Ballymaloe makes no own-brand products, Hyde says. “And I think its growth is terrifying and I think we have to stand up for ourselves and we have to be independent. The mantra from the big retailers is ‘cheaper, cheaper, cheaper’ but too often that comes at the expense of quality.”

Oat family

Across the Bloom aisle from the Ballymaloe stall is one of the most enduring Irish products, Flahavan's. The first family connection goes all the way back to 1785, when Thomas Dunn took over an oat mill in Waterford. Dunn was the great-great-great-grandfather of John Flahavan, the managing director of the company today.

"There have been seven generations of the family in the business. I don't know if you would find many other families who can say that," says Mary Flahavan, John's wife and a lynchpin of the business in her own right for decades.

Like Hyde, she references the own-brand phenomenon and like Hyde she stresses that Flahavan’s doesn’t makes its “progress oatlets” or its flapjacks or muesli for anyone but the family business. “We have to always respond to consumer demand and to always innovate, and we do see private labels attempting to replicate what we do, but we just took a decision not to make products for anyone else,” she says.

They have already been developed and we are just working on the packaging now

So far the Flahavan family instincts haven’t steered her or her husband wrong. “Back in 2000 there wasn’t much confidence in the business but we took the gamble to take it on,” she says. “Thank God it took off.”

And it really has taken off. The brand now makes porridge in multiple forms, some excellent muesli, flapjacks and some soon to be released overnight oats. “They have already been developed and we are just working on the packaging now,” she says.

The Brexit cloud

While most of the horizon looks bright, a big cloud looms. “Brexit is the big challenge for us now,” she says. “The exchange rate is killing us.”

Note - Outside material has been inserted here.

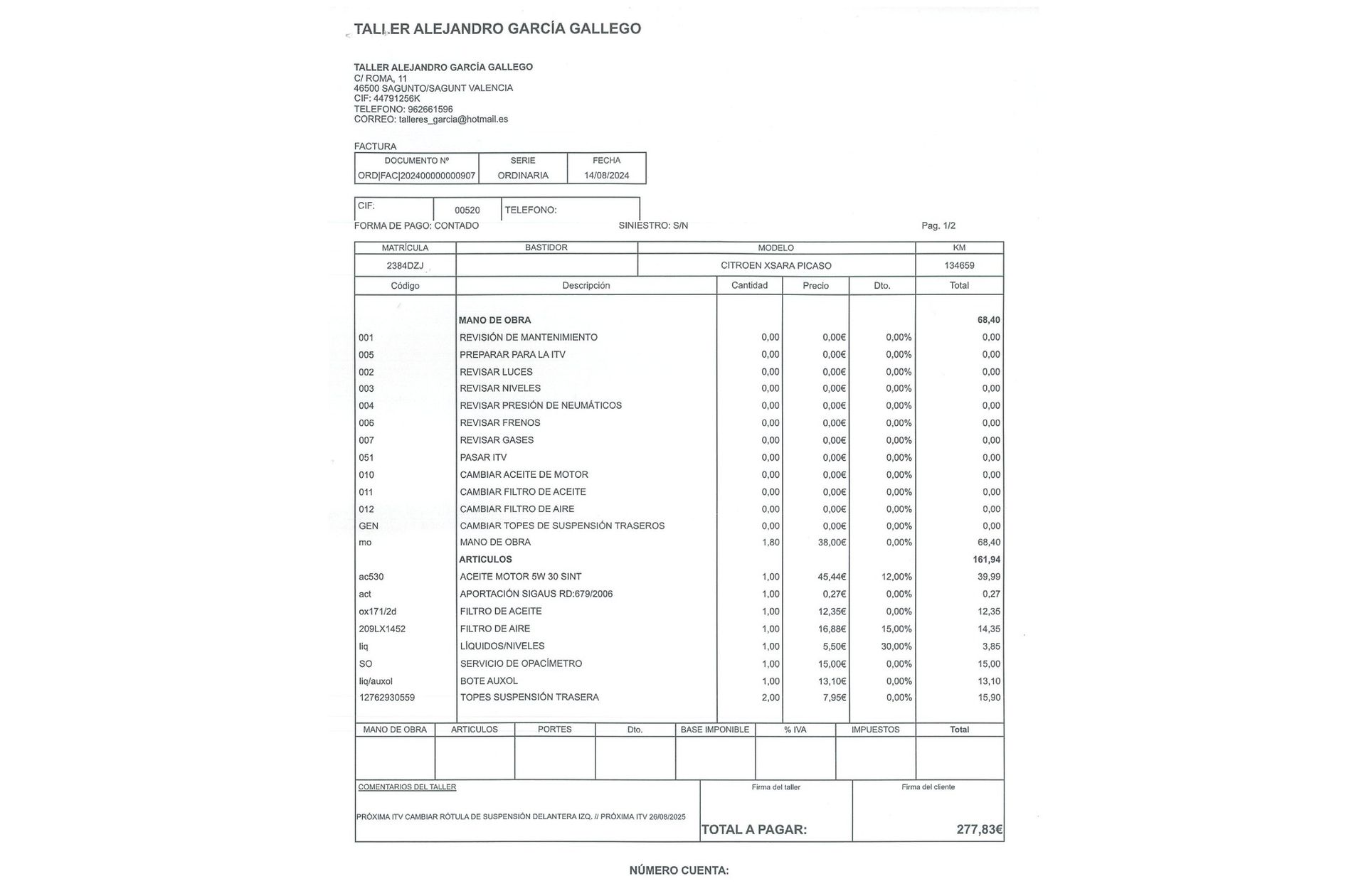 Citroën Xsara Picasso 1.6 HDi SX Top - foto 17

Brexit is hitting McCambridge, too, says the bread company's managing director, Michael McCambridge. "Sterling is going to continue to fall and that is a problem for us exporting to the UK, so we are also starting to focus on the United States as well.

Every oven is different so I can't guarantee that it will always come out exactly the same

The soda breads the McCambridge family make have a very short shelf life but – as with all the other producers, it has been innovating and has launched a range of bake-it-yourself bread mixes.

“It is the same as our soda bread that you can buy in the shops in most respects although it is made with milk and not buttermilk, but you have to remember that every oven is different so I can’t guarantee that it will always come out exactly the same.”

Food provenance

Watching over the producers is Love Irish Food's executive director, Kieran Rumley. He seems quietly satisfied with what he is seeing.

“I think that as circumstances for many people have improved over the last two or three years we have seen people spending more money on Irish food and locally produced food. Food provenance is becoming even more important for Irish consumers,” he says.

A weakening sterling could mean a lot of private-label products will be cheaper if they are produced in the UK

He segments the market into three: young professionals, people with young families and the over-55s “The greatest levels of increased spending is among the young professionals who are driving craft production in areas including beers and crisps, and the over-55s. That middle group are more squeezed with mortgages and childcare costs so they are blending branded with private label.”

He also cites Brexit as being a huge challenge both for companies and consumers. “What happens next really depends on whether we see a hard or a soft Brexit. A weakening sterling could mean a lot of private-label products will be cheaper if they are produced in the UK, although it is unclear if retailers will pass the savings they make on that level on to consumers are use it to enhance their profits is unclear,” he says.